Task objective
Transcribe each entry so that nothing differs from the original.

---------- Dataset records

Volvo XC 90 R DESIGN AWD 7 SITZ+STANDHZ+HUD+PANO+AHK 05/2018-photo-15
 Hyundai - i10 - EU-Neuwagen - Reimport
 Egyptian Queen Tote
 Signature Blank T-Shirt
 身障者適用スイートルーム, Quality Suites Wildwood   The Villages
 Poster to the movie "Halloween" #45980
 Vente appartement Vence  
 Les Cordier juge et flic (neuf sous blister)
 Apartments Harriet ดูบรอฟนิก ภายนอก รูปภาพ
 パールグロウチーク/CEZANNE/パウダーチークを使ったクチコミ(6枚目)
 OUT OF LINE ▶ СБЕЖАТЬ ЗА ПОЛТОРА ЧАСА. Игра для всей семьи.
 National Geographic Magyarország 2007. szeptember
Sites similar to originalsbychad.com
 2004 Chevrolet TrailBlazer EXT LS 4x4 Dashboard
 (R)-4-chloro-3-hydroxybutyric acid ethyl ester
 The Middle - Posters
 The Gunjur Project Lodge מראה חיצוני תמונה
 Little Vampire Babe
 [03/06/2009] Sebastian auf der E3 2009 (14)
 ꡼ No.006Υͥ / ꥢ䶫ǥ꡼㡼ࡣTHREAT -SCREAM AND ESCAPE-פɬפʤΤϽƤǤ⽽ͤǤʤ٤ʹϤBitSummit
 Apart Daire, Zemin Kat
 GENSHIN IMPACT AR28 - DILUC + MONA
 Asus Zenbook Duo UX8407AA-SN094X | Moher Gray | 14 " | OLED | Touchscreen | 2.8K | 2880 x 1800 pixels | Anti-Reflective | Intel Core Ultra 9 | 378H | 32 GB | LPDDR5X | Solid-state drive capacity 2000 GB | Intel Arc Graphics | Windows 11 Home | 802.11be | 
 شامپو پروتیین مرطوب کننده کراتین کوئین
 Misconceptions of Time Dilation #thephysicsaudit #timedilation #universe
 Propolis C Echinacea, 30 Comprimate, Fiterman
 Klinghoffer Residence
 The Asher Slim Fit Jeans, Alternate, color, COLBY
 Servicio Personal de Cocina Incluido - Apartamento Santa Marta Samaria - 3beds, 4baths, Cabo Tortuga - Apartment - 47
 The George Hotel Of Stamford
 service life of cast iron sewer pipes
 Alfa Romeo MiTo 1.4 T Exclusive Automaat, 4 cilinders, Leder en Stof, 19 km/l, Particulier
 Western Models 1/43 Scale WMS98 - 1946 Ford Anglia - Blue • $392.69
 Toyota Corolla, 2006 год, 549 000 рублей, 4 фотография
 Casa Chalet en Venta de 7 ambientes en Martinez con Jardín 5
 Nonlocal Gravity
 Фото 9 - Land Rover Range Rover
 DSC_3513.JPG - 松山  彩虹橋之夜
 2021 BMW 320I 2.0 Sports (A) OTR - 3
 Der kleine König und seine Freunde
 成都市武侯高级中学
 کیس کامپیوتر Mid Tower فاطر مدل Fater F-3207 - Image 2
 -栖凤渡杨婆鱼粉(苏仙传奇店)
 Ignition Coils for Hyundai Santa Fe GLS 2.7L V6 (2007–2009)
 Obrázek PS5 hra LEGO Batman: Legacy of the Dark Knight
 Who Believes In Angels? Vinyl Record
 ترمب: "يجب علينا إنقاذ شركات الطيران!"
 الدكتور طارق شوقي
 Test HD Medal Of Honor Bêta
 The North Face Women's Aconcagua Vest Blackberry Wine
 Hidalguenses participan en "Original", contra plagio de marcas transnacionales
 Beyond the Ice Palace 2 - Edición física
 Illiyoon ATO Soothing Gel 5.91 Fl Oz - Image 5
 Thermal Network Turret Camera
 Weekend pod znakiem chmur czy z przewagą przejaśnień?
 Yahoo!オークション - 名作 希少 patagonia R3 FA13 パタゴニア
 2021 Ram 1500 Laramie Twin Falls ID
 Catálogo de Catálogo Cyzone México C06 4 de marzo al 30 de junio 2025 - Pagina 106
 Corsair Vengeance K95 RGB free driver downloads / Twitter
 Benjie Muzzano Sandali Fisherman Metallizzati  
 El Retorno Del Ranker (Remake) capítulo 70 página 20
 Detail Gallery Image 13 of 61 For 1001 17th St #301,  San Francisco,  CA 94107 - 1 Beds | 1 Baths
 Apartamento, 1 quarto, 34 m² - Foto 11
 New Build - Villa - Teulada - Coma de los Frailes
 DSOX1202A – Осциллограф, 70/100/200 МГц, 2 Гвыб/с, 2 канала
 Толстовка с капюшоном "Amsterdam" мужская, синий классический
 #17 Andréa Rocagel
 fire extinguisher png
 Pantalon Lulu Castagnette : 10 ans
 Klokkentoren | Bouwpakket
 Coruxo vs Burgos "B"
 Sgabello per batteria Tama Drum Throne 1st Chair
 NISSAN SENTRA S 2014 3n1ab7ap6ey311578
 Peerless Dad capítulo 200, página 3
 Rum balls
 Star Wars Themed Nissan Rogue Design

--------------------

Exercise result
Volvo XC 90 R DESIGN AWD 7 SITZ+STANDHZ+HUD+PANO+AHK 05/2018-photo-15
 Hyundai - i10 - EU-Neuwagen - Reimport
 Egyptian Queen Tote
 Signature Blank T-Shirt
 身障者適用スイートルーム, Quality Suites Wildwood   The Villages
 Poster to the movie "Halloween" #45980
 Vente appartement Vence  
 Les Cordier juge et flic (neuf sous blister)
 Apartments Harriet ดูบรอฟนิก ภายนอก รูปภาพ
 パールグロウチーク/CEZANNE/パウダーチークを使ったクチコミ(6枚目)
 OUT OF LINE ▶ СБЕЖАТЬ ЗА ПОЛТОРА ЧАСА. Игра для всей семьи.
 National Geographic Magyarország 2007. szeptember
Sites similar to originalsbychad.com
 2004 Chevrolet TrailBlazer EXT LS 4x4 Dashboard
 (R)-4-chloro-3-hydroxybutyric acid ethyl ester
 The Middle - Posters
 The Gunjur Project Lodge מראה חיצוני תמונה
 Little Vampire Babe
 [03/06/2009] Sebastian auf der E3 2009 (14)
 ꡼ No.006Υͥ / ꥢ䶫ǥ꡼㡼ࡣTHREAT -SCREAM AND ESCAPE-פɬפʤΤϽƤǤ⽽ͤǤʤ٤ʹϤBitSummit
 Apart Daire, Zemin Kat
 GENSHIN IMPACT AR28 - DILUC + MONA
 Asus Zenbook Duo UX8407AA-SN094X | Moher Gray | 14 " | OLED | Touchscreen | 2.8K | 2880 x 1800 pixels | Anti-Reflective | Intel Core Ultra 9 | 378H | 32 GB | LPDDR5X | Solid-state drive capacity 2000 GB | Intel Arc Graphics | Windows 11 Home | 802.11be | 
 شامپو پروتیین مرطوب کننده کراتین کوئین
 Misconceptions of Time Dilation #thephysicsaudit #timedilation #universe
 Propolis C Echinacea, 30 Comprimate, Fiterman
 Klinghoffer Residence
 The Asher Slim Fit Jeans, Alternate, color, COLBY
 Servicio Personal de Cocina Incluido - Apartamento Santa Marta Samaria - 3beds, 4baths, Cabo Tortuga - Apartment - 47
 The George Hotel Of Stamford
 service life of cast iron sewer pipes
 Alfa Romeo MiTo 1.4 T Exclusive Automaat, 4 cilinders, Leder en Stof, 19 km/l, Particulier
 Western Models 1/43 Scale WMS98 - 1946 Ford Anglia - Blue • $392.69
 Toyota Corolla, 2006 год, 549 000 рублей, 4 фотография
 Casa Chalet en Venta de 7 ambientes en Martinez con Jardín 5
 Nonlocal Gravity
 Фото 9 - Land Rover Range Rover
 DSC_3513.JPG - 松山  彩虹橋之夜
 2021 BMW 320I 2.0 Sports (A) OTR - 3
 Der kleine König und seine Freunde
 成都市武侯高级中学
 کیس کامپیوتر Mid Tower فاطر مدل Fater F-3207 - Image 2
 -栖凤渡杨婆鱼粉(苏仙传奇店)
 Ignition Coils for Hyundai Santa Fe GLS 2.7L V6 (2007–2009)
 Obrázek PS5 hra LEGO Batman: Legacy of the Dark Knight
 Who Believes In Angels? Vinyl Record
 ترمب: "يجب علينا إنقاذ شركات الطيران!"
 الدكتور طارق شوقي
 Test HD Medal Of Honor Bêta
 The North Face Women's Aconcagua Vest Blackberry Wine
 Hidalguenses participan en "Original", contra plagio de marcas transnacionales
 Beyond the Ice Palace 2 - Edición física
 Illiyoon ATO Soothing Gel 5.91 Fl Oz - Image 5
 Thermal Network Turret Camera
 Weekend pod znakiem chmur czy z przewagą przejaśnień?
 Yahoo!オークション - 名作 希少 patagonia R3 FA13 パタゴニア
 2021 Ram 1500 Laramie Twin Falls ID
 Catálogo de Catálogo Cyzone México C06 4 de marzo al 30 de junio 2025 - Pagina 106
 Corsair Vengeance K95 RGB free driver downloads / Twitter
 Benjie Muzzano Sandali Fisherman Metallizzati  
 El Retorno Del Ranker (Remake) capítulo 70 página 20
 Detail Gallery Image 13 of 61 For 1001 17th St #301,  San Francisco,  CA 94107 - 1 Beds | 1 Baths
 Apartamento, 1 quarto, 34 m² - Foto 11
 New Build - Villa - Teulada - Coma de los Frailes
 DSOX1202A – Осциллограф, 70/100/200 МГц, 2 Гвыб/с, 2 канала
 Толстовка с капюшоном "Amsterdam" мужская, синий классический
 #17 Andréa Rocagel
 fire extinguisher png
 Pantalon Lulu Castagnette : 10 ans
 Klokkentoren | Bouwpakket
 Coruxo vs Burgos "B"
 Sgabello per batteria Tama Drum Throne 1st Chair
 NISSAN SENTRA S 2014 3n1ab7ap6ey311578
 Peerless Dad capítulo 200, página 3
 Rum balls
 Star Wars Themed Nissan Rogue Design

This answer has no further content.